**Directions for this task:**
Transcribe the entries exactly; images are not part of the copy.

**Captioned web images:**

******************************

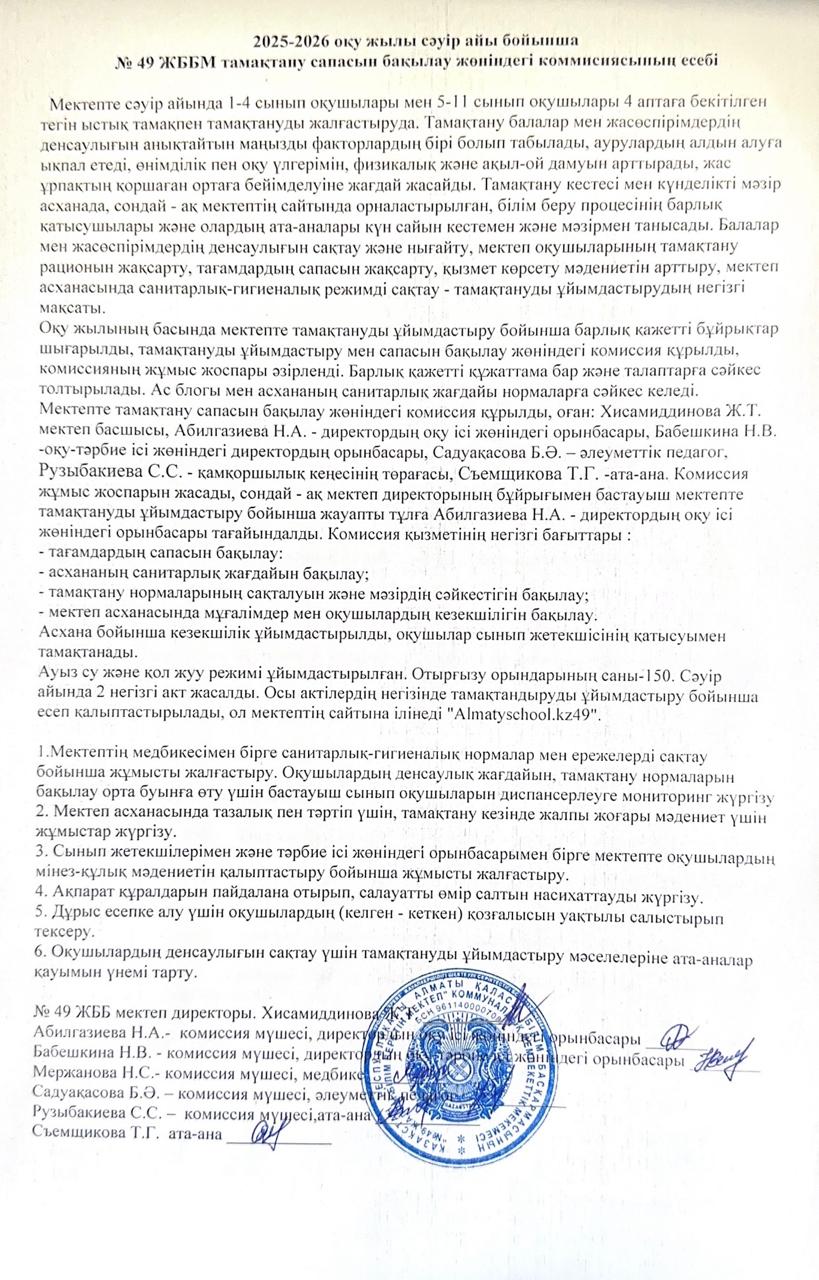 Бақылау комиссиясының 2025-2026 ж. сәуір айына есебі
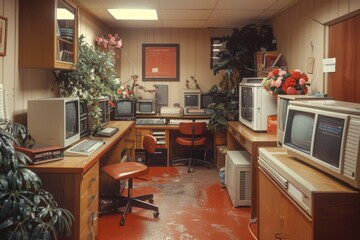 An old 90s computer lab with rows of bulky monitors and desktops.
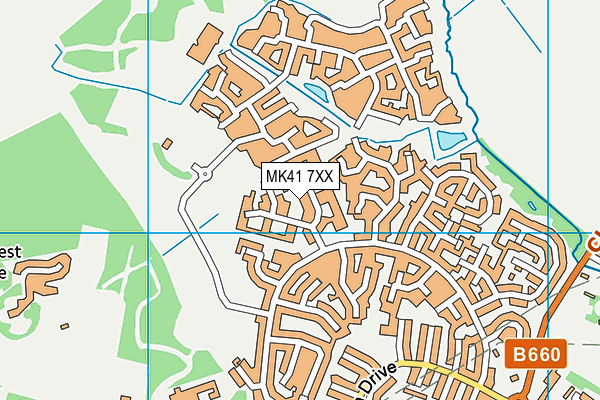 MK41 7XX map - OS VectorMap District (Ordnance Survey)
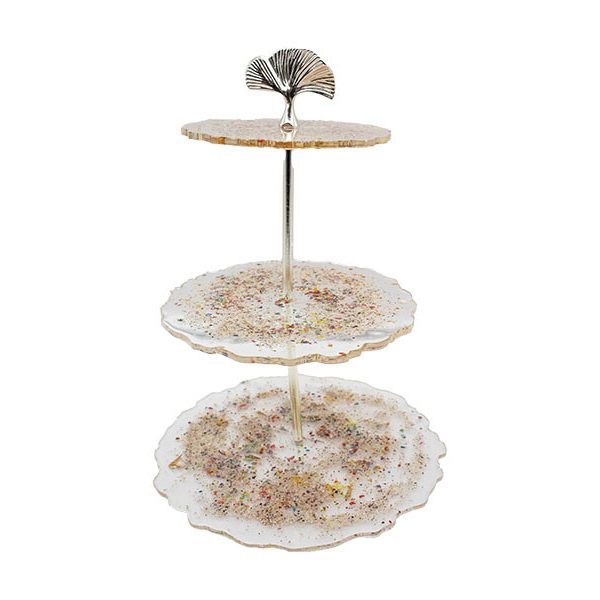 Epoksi Mercan Model Kek Standı Demiri Gümüş Renk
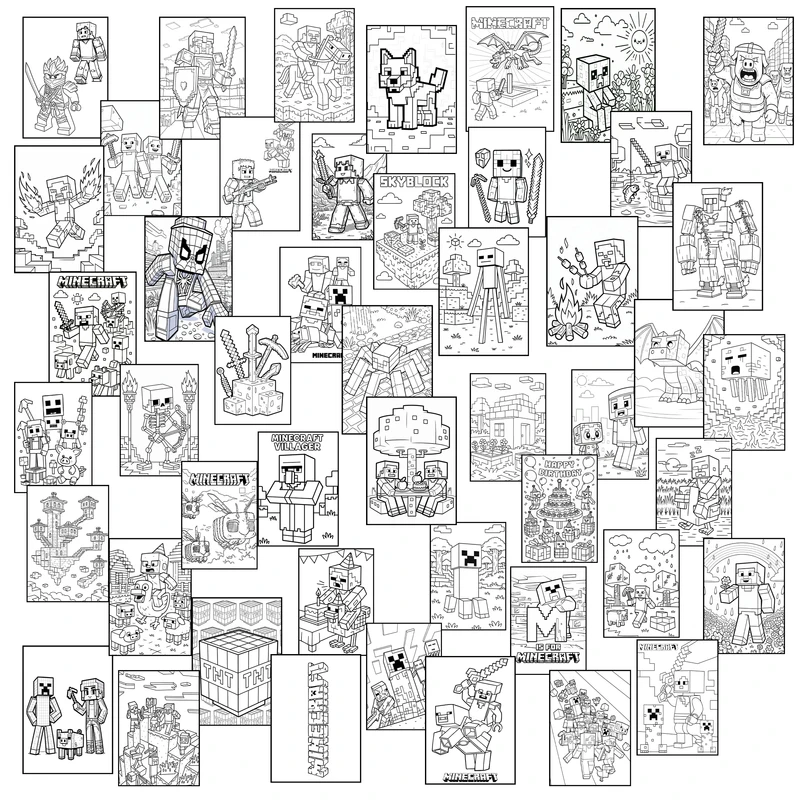 مقوا رنگ آمیزی مدل ماینکرافت A4805 سایز 21×15 سانتی متر مجموعه 48 عددی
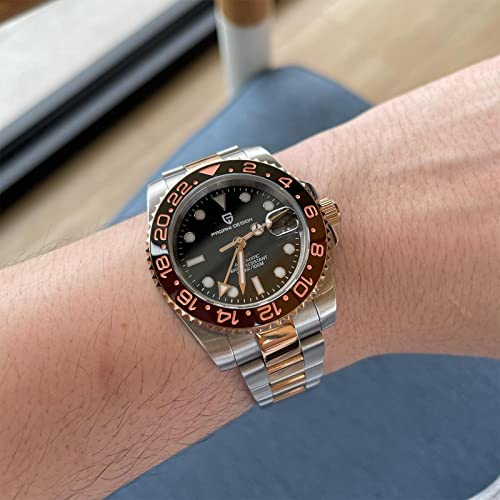 PAGRNE DESIGN ساعة رجال باجاني ديزاين GMT للرجال أوتوماتيكية 40MM تاريخ 100M مقاومة للماء من الفولاذ المقاوم للصدأ زجاج ياقوتي ساعات ميكانيكية PD-1662 (3 وردي ذهبي أسود) - Image 2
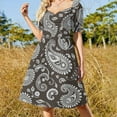 thumbnail image 4 of Paisley Short Sleeved Dress Summer Dresses Birthday Dress for Women Luxury 2025 Dress Party Night, 4 of 6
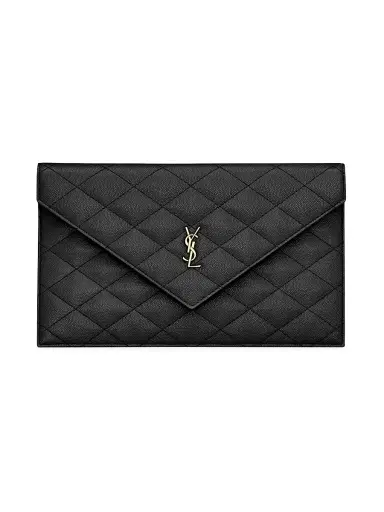 Saint Laurent Women's Paris Pouch in Grain De Poudre Leather | Thumbnail 1 Saint Laurent Women's Paris Pouch in Grain De Poudre Leather | Thumbnail 1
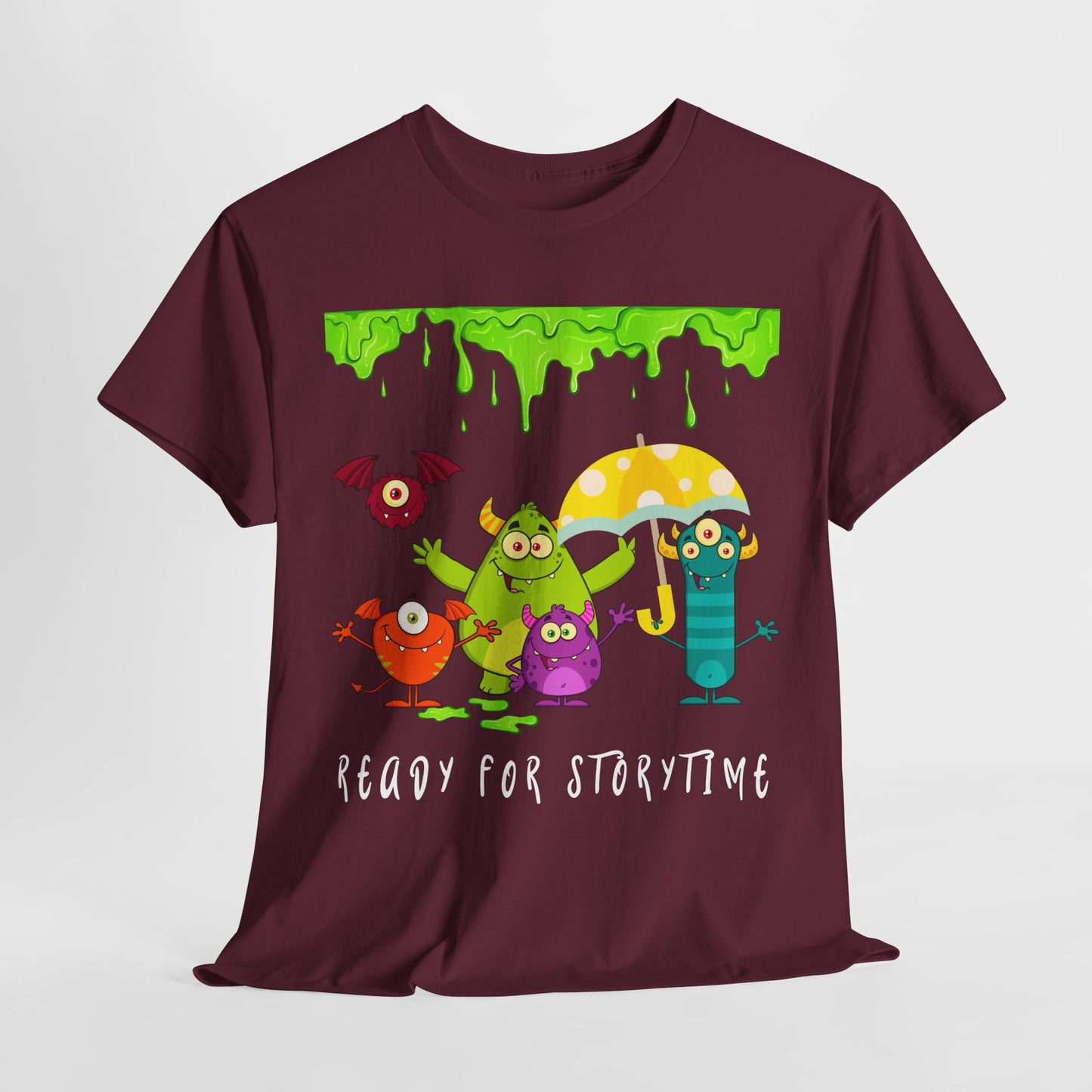 Teen/Adult Unisex “Ready for Storytime” Tee – Slime-Dripped Monster Squad Book Shirt for Fun-Loving Readers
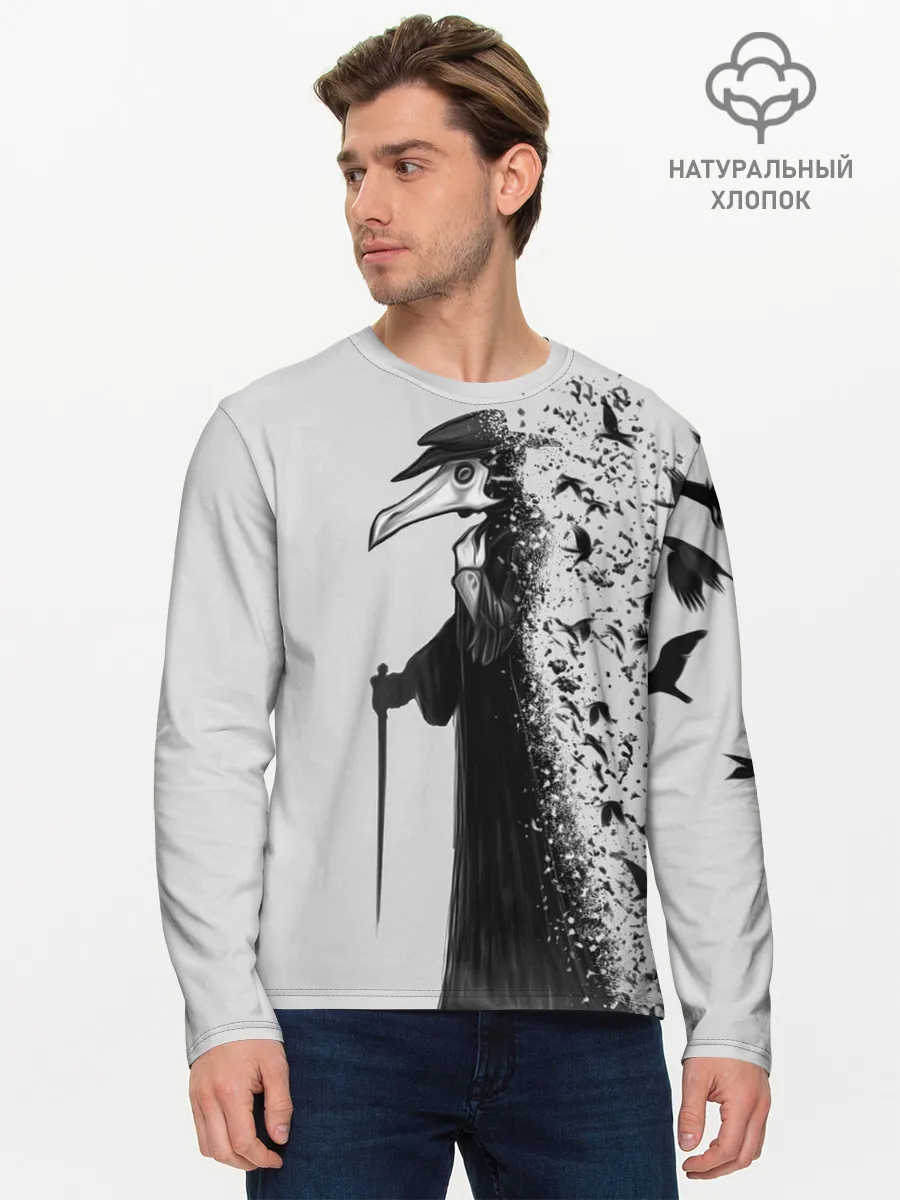 Мужской лонгслив базовый / Чумной доктор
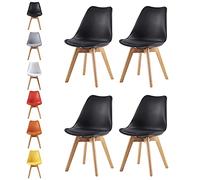 mcc direct Juego de 4 sillas de comedor, sillas de cocina, oficina, salón, silla de diseño, silla Eva (negro)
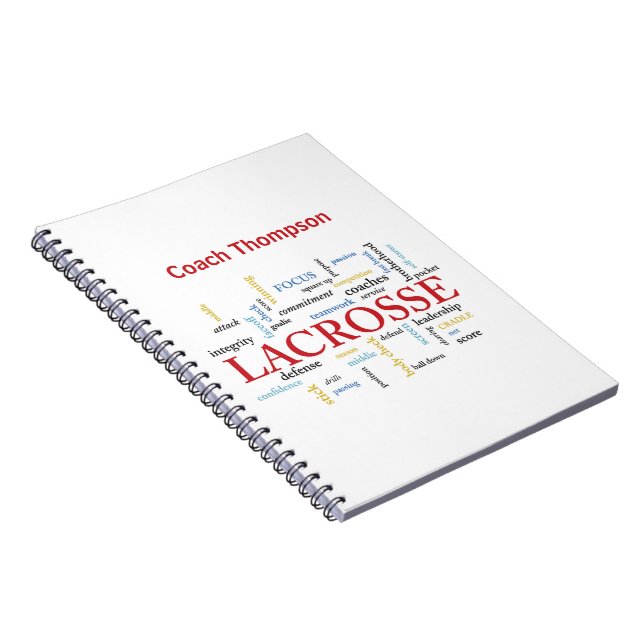 Personalize Name Lacrosse Coach Thanks Words Notebook (Right Side)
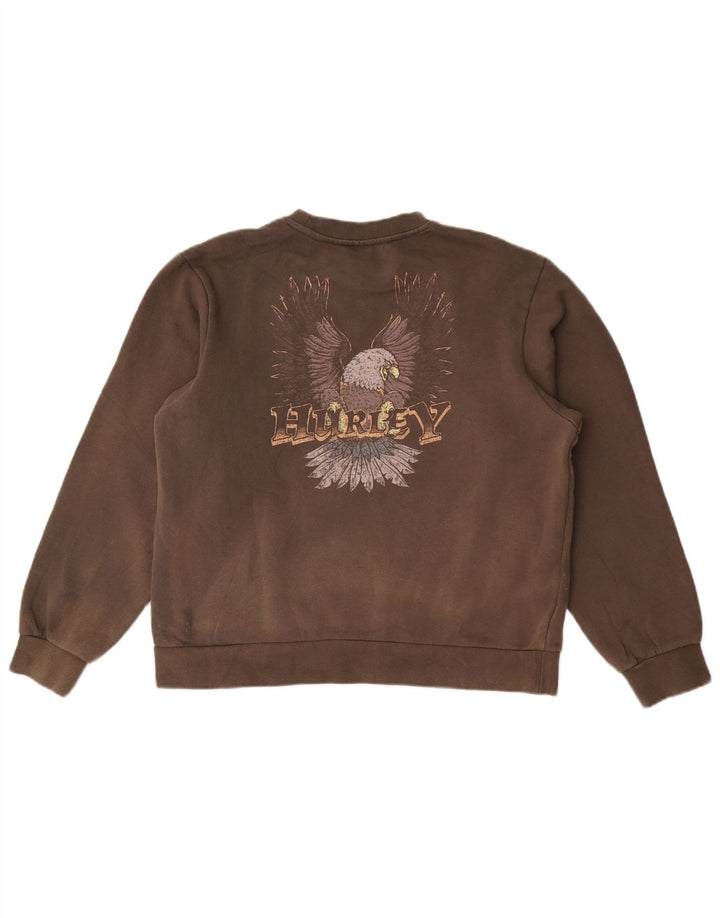Suéter gráfico masculino Hurley XS algodão marrom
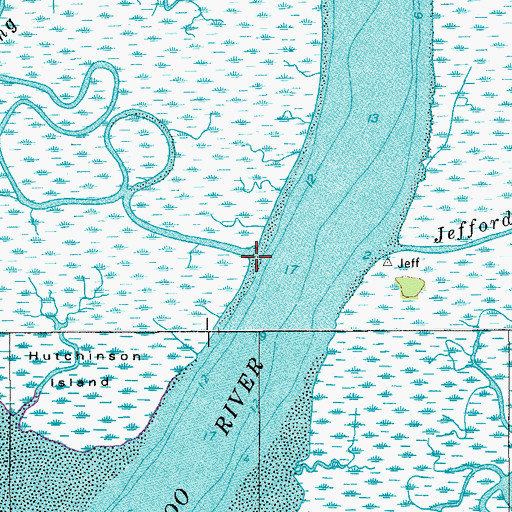 Topographic Map of Long Ashepoo Creek, SC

******************************

**Completed exercise:**
 Бақылау комиссиясының 2025-2026 ж. сәуір айына есебі
 An old 90s computer lab with rows of bulky monitors and desktops.
 MK41 7XX map - OS VectorMap District (Ordnance Survey)
 Epoksi Mercan Model Kek Standı Demiri Gümüş Renk
 مقوا رنگ آمیزی مدل ماینکرافت A4805 سایز 21×15 سانتی متر مجموعه 48 عددی
 PAGRNE DESIGN ساعة رجال باجاني ديزاين GMT للرجال أوتوماتيكية 40MM تاريخ 100M مقاومة للماء من الفولاذ المقاوم للصدأ زجاج ياقوتي ساعات ميكانيكية PD-1662 (3 وردي ذهبي أسود) - Image 2
 thumbnail image 4 of Paisley Short Sleeved Dress Summer Dresses Birthday Dress for Women Luxury 2025 Dress Party Night, 4 of 6
 Saint Laurent Women's Paris Pouch in Grain De Poudre Leather | Thumbnail 1 Saint Laurent Women's Paris Pouch in Grain De Poudre Leather | Thumbnail 1
 Teen/Adult Unisex “Ready for Storytime” Tee – Slime-Dripped Monster Squad Book Shirt for Fun-Loving Readers
 Мужской лонгслив базовый / Чумной доктор
 mcc direct Juego de 4 sillas de comedor, sillas de cocina, oficina, salón, silla de diseño, silla Eva (negro)
 Personalize Name Lacrosse Coach Thanks Words Notebook (Right Side)
Suéter gráfico masculino Hurley XS algodão marrom
 Topographic Map of Long Ashepoo Creek, SC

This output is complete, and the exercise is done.